Supervised Multiscale Dimension Reduction for Spatial Interaction Networks
This work addresses the need for interpretable dimension reduction in spatial interaction networks, which is incremental as it builds on existing methods with a new prior and application focus.
The authors tackled the problem of reducing dimensionality in spatial interaction network data by introducing spinlets, an empirical Bayes method that constructs a partitioning tree and refines predictors based on response relevance, resulting in compact vectorial representations and interpretable visualizations for applications like soccer analytics.

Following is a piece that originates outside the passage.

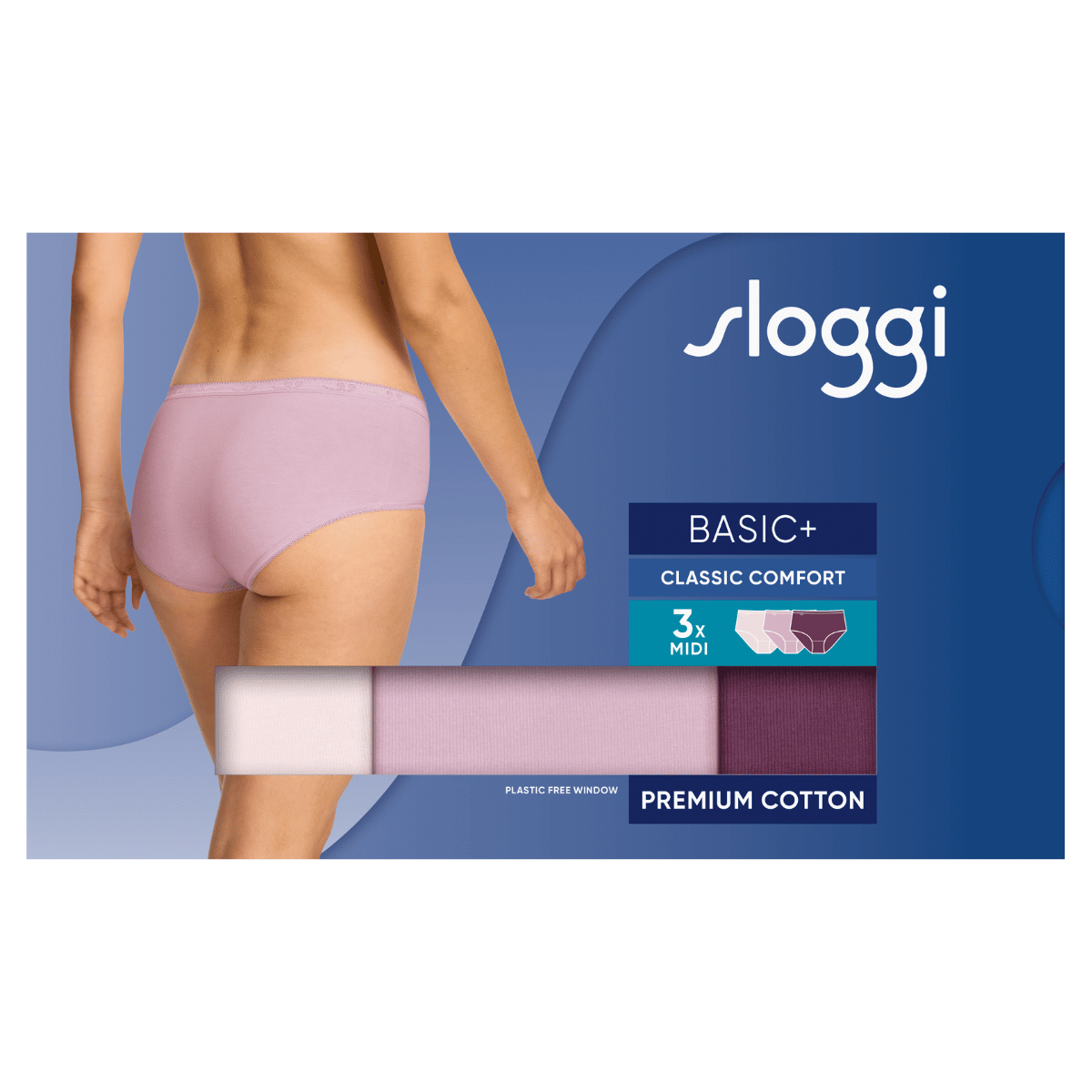 Sloggi Basic+ 3-Pack midi trusse, multi - 10107163 - V013 - Multiple Colours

We introduce a multiscale supervised dimension reduction method for SPatial Interaction Network (SPIN) data, which consist of a collection of spatially coordinated interactions. This type of predictor arises when the sampling unit of data is composed of a collection of primitive variables, each of them being essentially unique, so that it becomes necessary to group the variables in order to simplify the representation and enhance interpretability. In this paper, we introduce an empirical Bayes approach called spinlets, which first constructs a partitioning tree to guide the reduction over multiple spatial granularities, and then refines the representation of predictors according to the relevance to the response. We consider an inverse Poisson regression model and propose a new multiscale generalized double Pareto prior, which is induced via a tree-structured parameter expansion scheme. Our approach is motivated by an application in soccer analytics, in which we obtain compact vectorial representations and readily interpretable visualizations of the complex network objects, supervised by the response of interest.